Поспорить с судьбой (Панкеева) - страница 77

— Ты это ему покажи, — проворчал Амарго. — У тебя все?

— Да, в общем, все… — Кантор подумал, сказать или не стоит, но все-таки не удержался: — Знаешь, кого я вчера видел на рынке? Карлоса.

— А кто это?

— Ты что, не помнишь театр Карлоса? Я еще у них в мюзикле пел и свой портрет ему подарил на память, когда он меня уволил.

— А-а, помню, помню. Он побоялся неприятностей и сделался законопослушным и верноподданным гражданином, какие-то идиотские патриотические пьесы ставил… а здесь он что делает?

— Попрошайничает на рынке. Спился Карлос. Сгорел. Практически полностью.

— Вот как, — хмыкнул Амарго. — Ничего он не выгадал своим предательством?
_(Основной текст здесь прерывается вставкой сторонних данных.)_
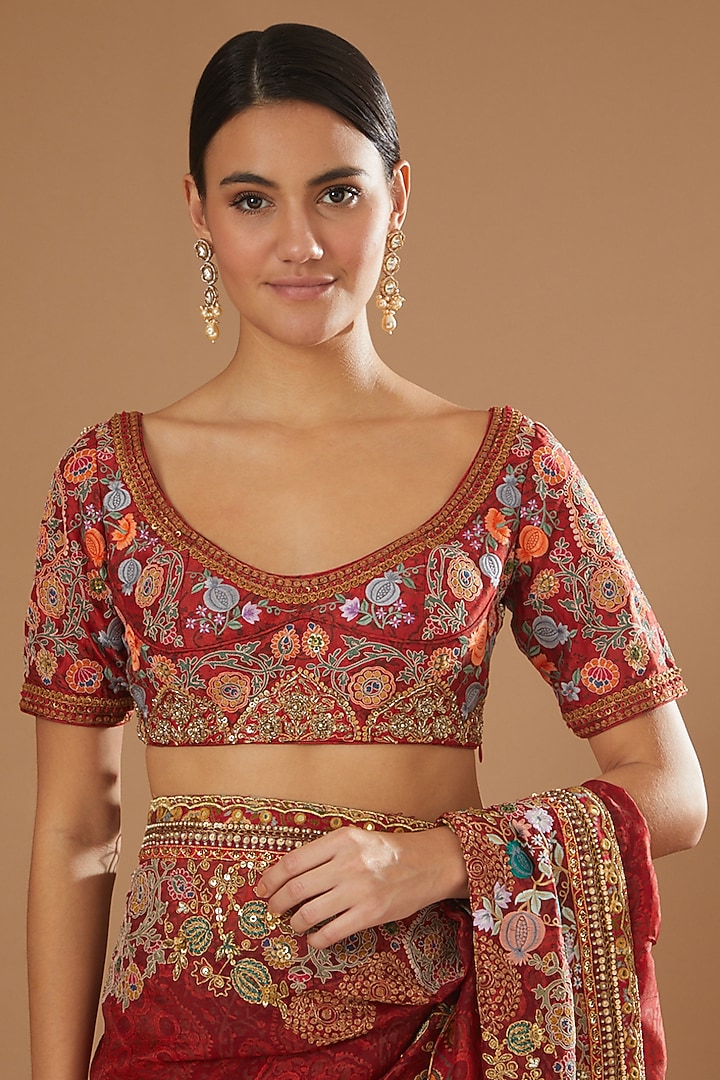 Red Chanderi Mulmul Organza Mughal Printed Reception Saree Set by Debyani at Pernia's Pop Up Shop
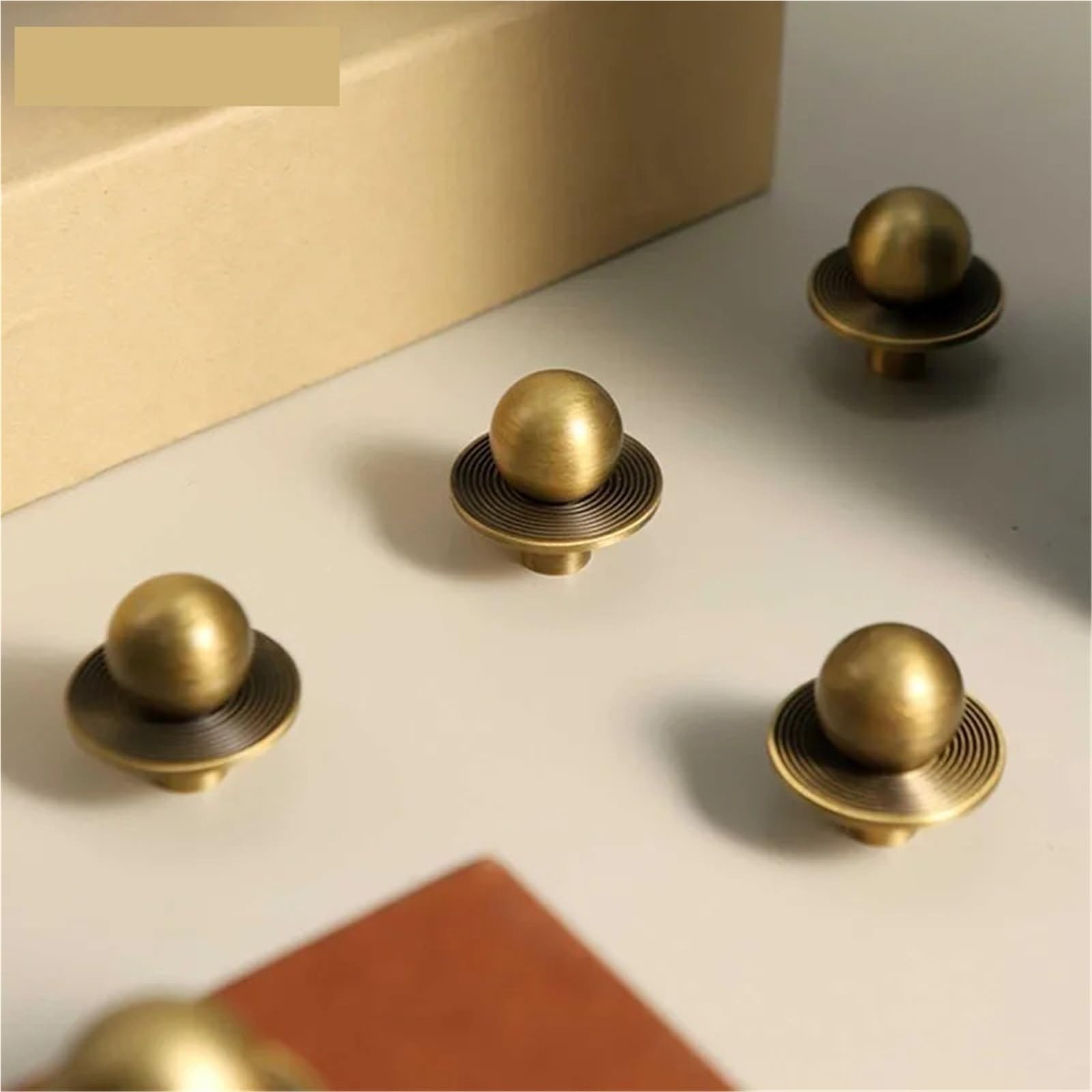Boutons de placard en laiton robuste à trou unique pour tiroir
— А это и невозможно. Ты помнишь, как все удивлялись, когда меня посадили? А ведь ничего удивительного в этом нет. У меня особого выбора не было. Либо как я, либо как Карлос. Настоящий бард не может… так, как он. То ли он этого не знал, то ли сознательно выбрал, чтобы хотя бы семью спасти… не знаю. Но если б и я согласился сначала переделать гимн, как от меня требовали, потом писать патриотические песни, потом еще что-нибудь подобное, я бы кончил так же, как Карлос. Спился бы, или на наркотики подсел, или руки на себя наложил. Тоже сгорел бы. Это маэстро Морелли может лизать задницу кому угодно, он с молодости как выбился в придворные барды, так и держался при любом правительстве. Ему что, у него и Огня-то почти нет. А настоящие барды такого не выдерживают. Ломаются. Сгорают. Я смотрел на Карлоса, и мне его было до слез жаль.

— Несмотря на то что он тебя предал? Или ты так не считал, потому и подарил ему свой портрет?

— Молодой я тогда был, — вздохнул Кантор. — И жестокий. Я представляю, каково ему было видеть каждый день этот портрет, после того как меня посадили… а особенно после того, как наш отдел пропаганды распространил легенду о моей мученической смерти. И портрет этот он хранил все пять лет, наверное, это было последнее, что он пропил.

— А почему ты решил, что он его пропил?

— Потому что портрет сейчас висит у Ольги. Она его купила за один золотой. Лично у Карлоса. Как ты полагаешь, по какому поводу он мог продать подлинник Ферро за такую смешную цену? Только потому, что душа горела, выпить просила. Не знаешь, можно ему как-то помочь?

— А как, по-твоему, это можно сделать?

— Наверное, никак… Просто лечить барда от алкоголизма бесполезно, все равно опять запьет, если не будет творить. А творить… кто доверит алкоголику труппу? Да и не сможет он, наверное, уже… А жаль.

— Ну, раз никак нельзя, то и не морочь себе голову. Что поделаешь, он сам выбрал свой путь. Наверное, не хуже тебя знал, что такое Огонь.